Pedestrians brave the snow and cold on campus Tuesday as a snowplow clears the way. Photo: Roberta Dupuis-Devlin/UIC Photo Services

Facilities Management employees are working around-the-clock to tackle snow and ice removal on campus after snow and sub-zero temperatures.

About 40 employees are working 12-hour shifts at least through the week to remove snow and keep sidewalks clear, said Mark Donovan, vice chancellor for administrative services.

“We’ve ramped up and are ready to roll,” Donovan said. “We’ve been hauling snow out of parking lots and have some extra guys out there shoveling.”

Campus resumed normal operations Tuesday after employees were directed to stay home Monday, unless their function was critical, because of the record-breaking frigid temperatures.

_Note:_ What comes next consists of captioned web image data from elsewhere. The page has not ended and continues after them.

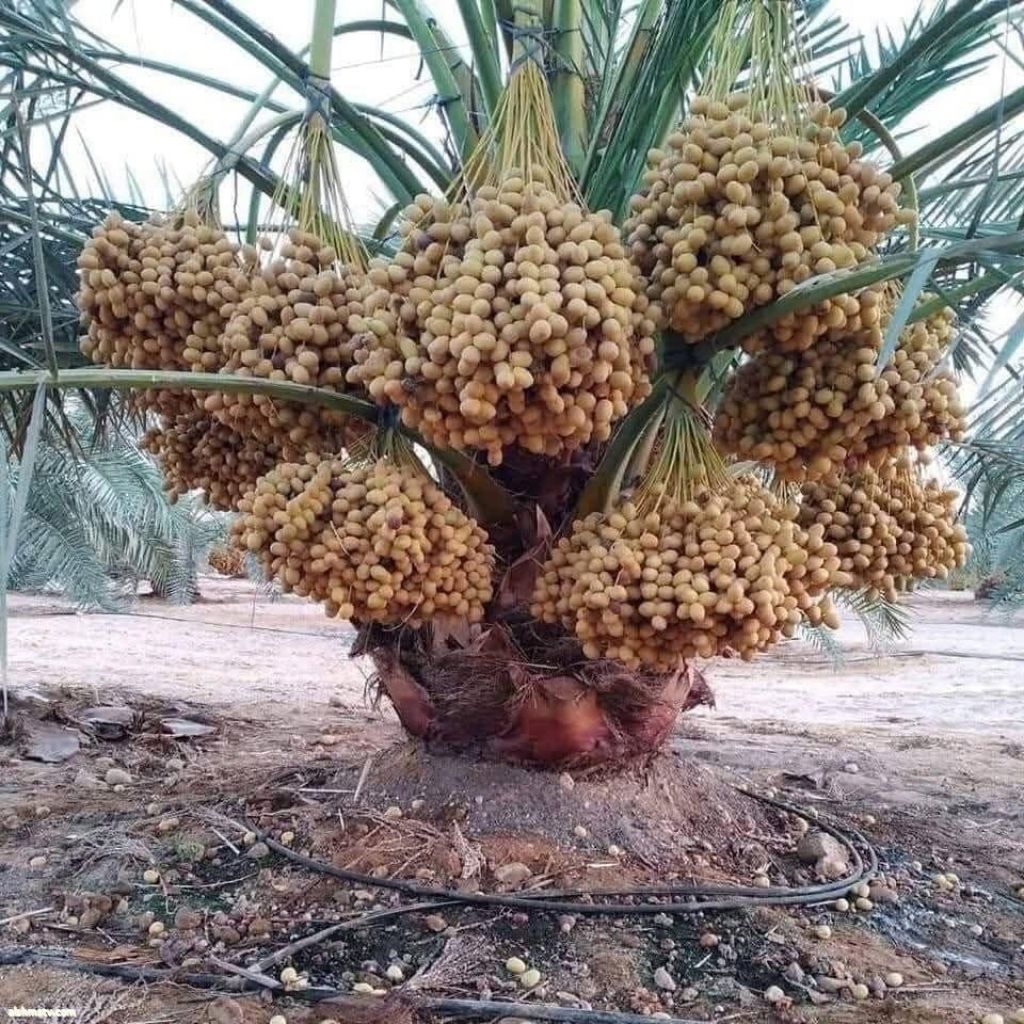 سوالفنه عراقيه التمرالبرحي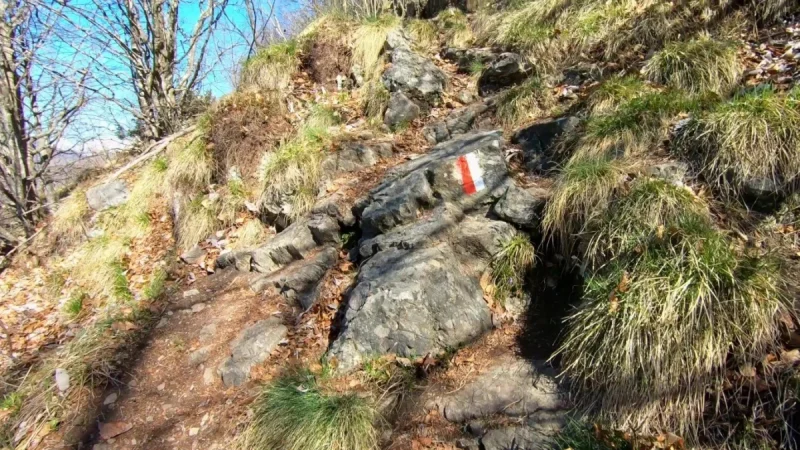 Pizzo Cerro e Castel Regina da Cavaglia – Pizzo Cerro (1285 m) – foto 7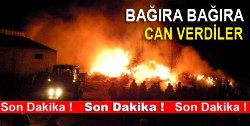 BAÐIRA BAÐIRA CAN VERDİLER
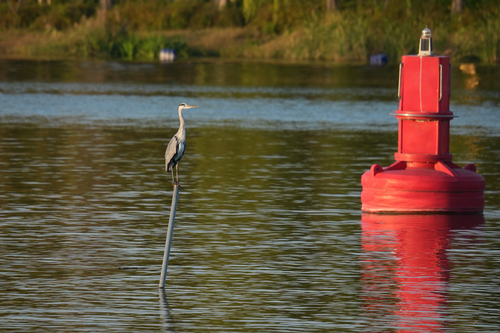 Grey Heron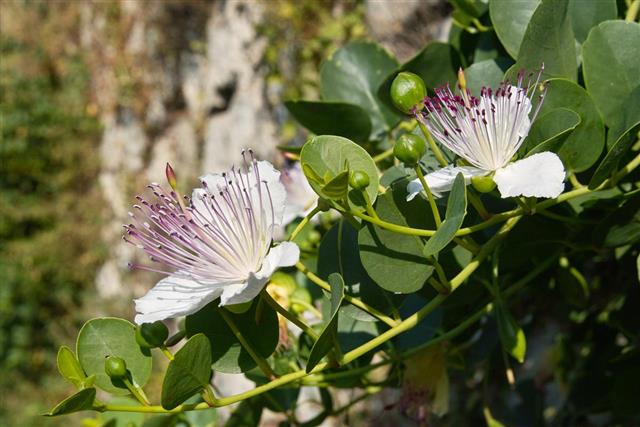 Caper plant in bloom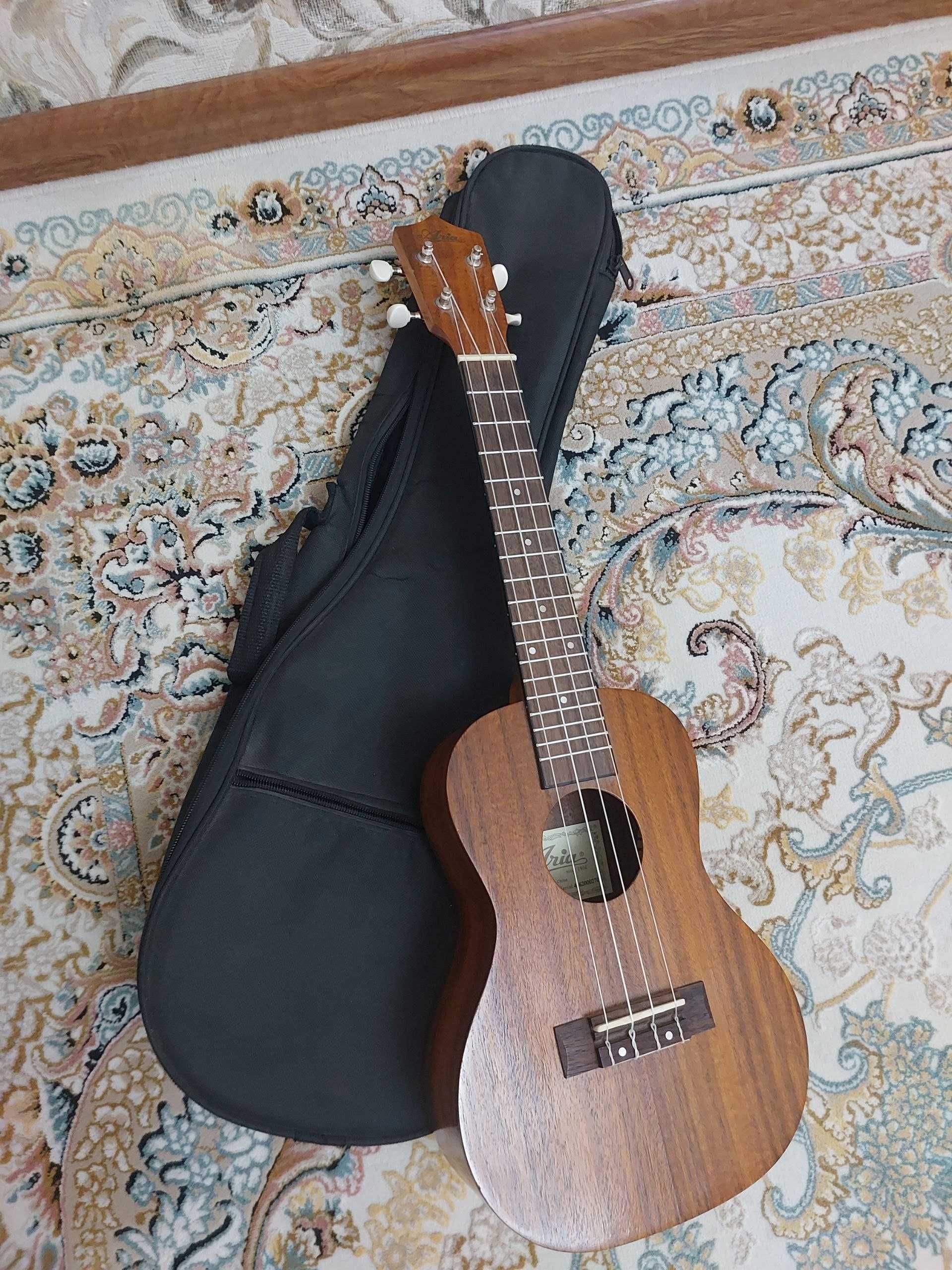 Укулеле Aria ACU-1K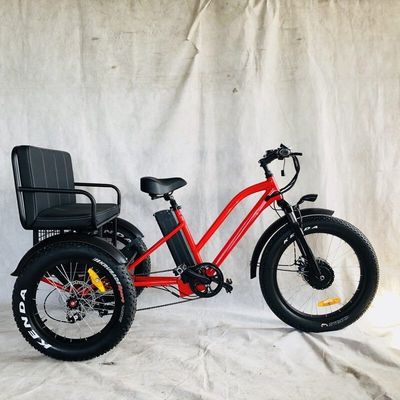 VS-markt BAFANG Sensor Elektrische driewielers met drie wielen en hydraulische schijfrem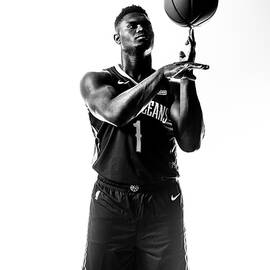 Zion Williamson by Sean Berry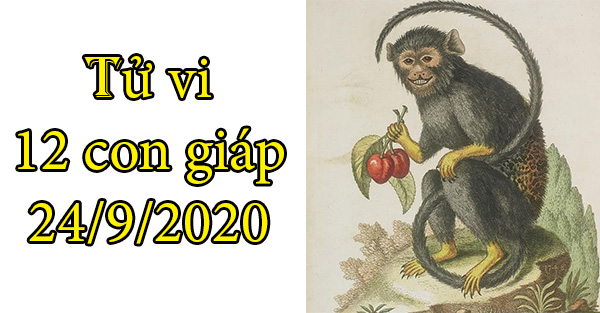 Tử vi 12 con giáp hôm nay 24/9: Tuổi Thân công danh rộng mở, tuổi Dậu có phần khó khăn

Facilities Management employees worked through the cold Monday, Donovan said, but took extra precautions to be safe in the extreme weather.

Employees worked 30-minute shifts outdoors and kept warmed cars nearby or took breaks in campus buildings to prevent frostbite, he said.

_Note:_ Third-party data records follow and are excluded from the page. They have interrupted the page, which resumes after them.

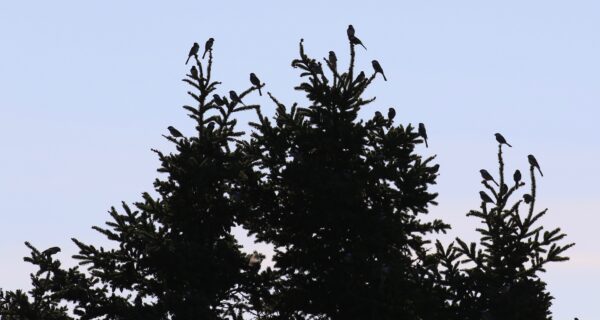 Chickadees perch on the tips of spruce tree branches, silhouetted against a pale blue sky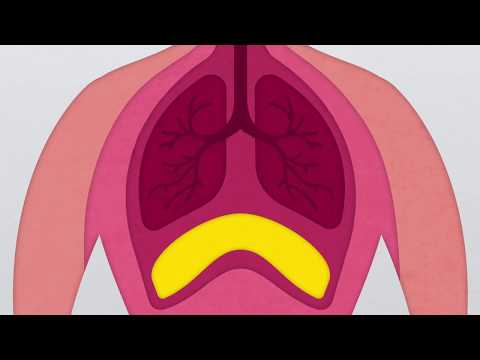 What is the Diaphragm?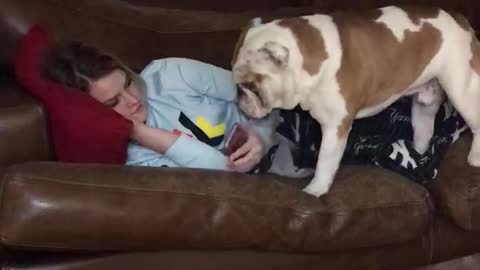 Jealous bulldog distracts owner from looking at phone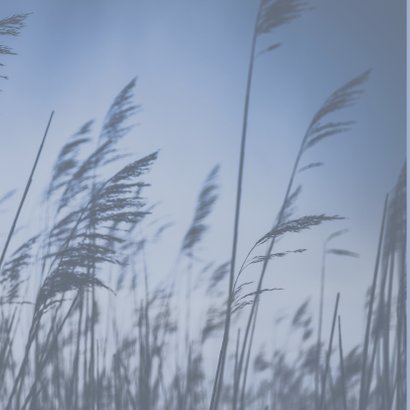 Sterkte kaart Gecondoleerd fotokaart condoleance 2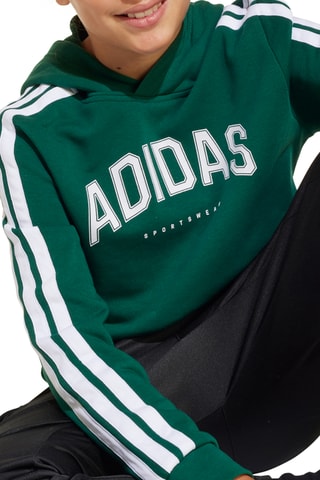 Sweat à capuche Collegiate - Vert foncé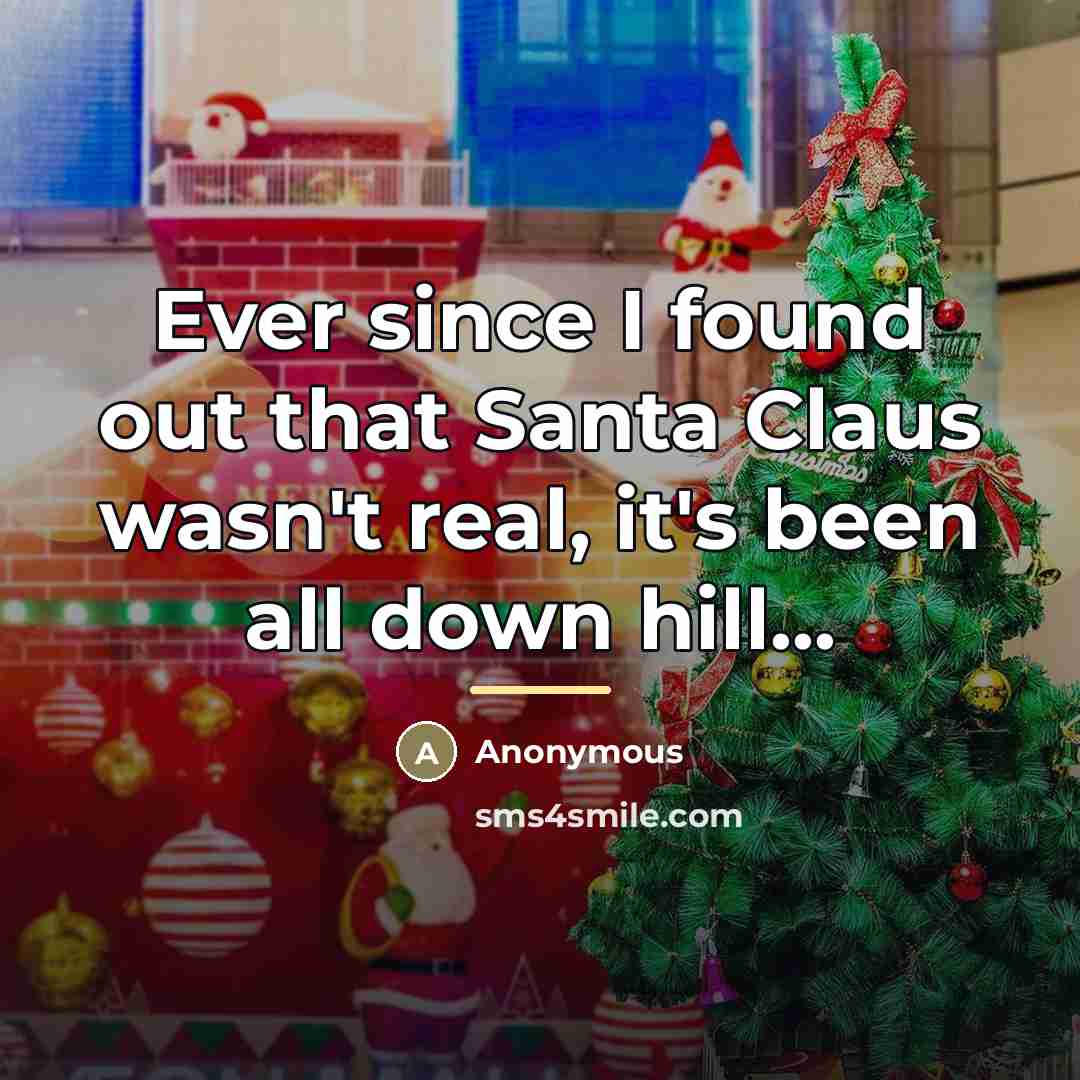 “Ever since I found out that Santa Claus wasn't real,…” quote by Anonymous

Despite the extreme cold, there were no major problems in any campus buildings, Donovan said. Dampers were closed to keep the cold from getting inside.

Divvy bike station

A snowbound Divvy Bike station on Harrison Street. The company suspended rentals during the freeze. Photo: Roberta Dupuis-Devlin/UIC Photo Services

Crews focused on clearing sidewalks on the west side of campus, especially hospital entrances and emergency docks for ambulances. They are identifying routes on the east side to be cleared before students return to campus Monday.

Report any snow or ice-related problems on campus to the 24/7 UIC snow removal hotline, 312-355-7669 (312-355-SNOW). Provide information on the location and time of the problem, as well as your phone number or e-mail address for follow-up.

“Call the snow hotline and we will get to it as quickly as possible, and please exercise caution because it’s slippery,” Donovan said.

“And smile through it. It’s something you get to tell your grandchildren, about how you got through the great arctic blast of 2014.”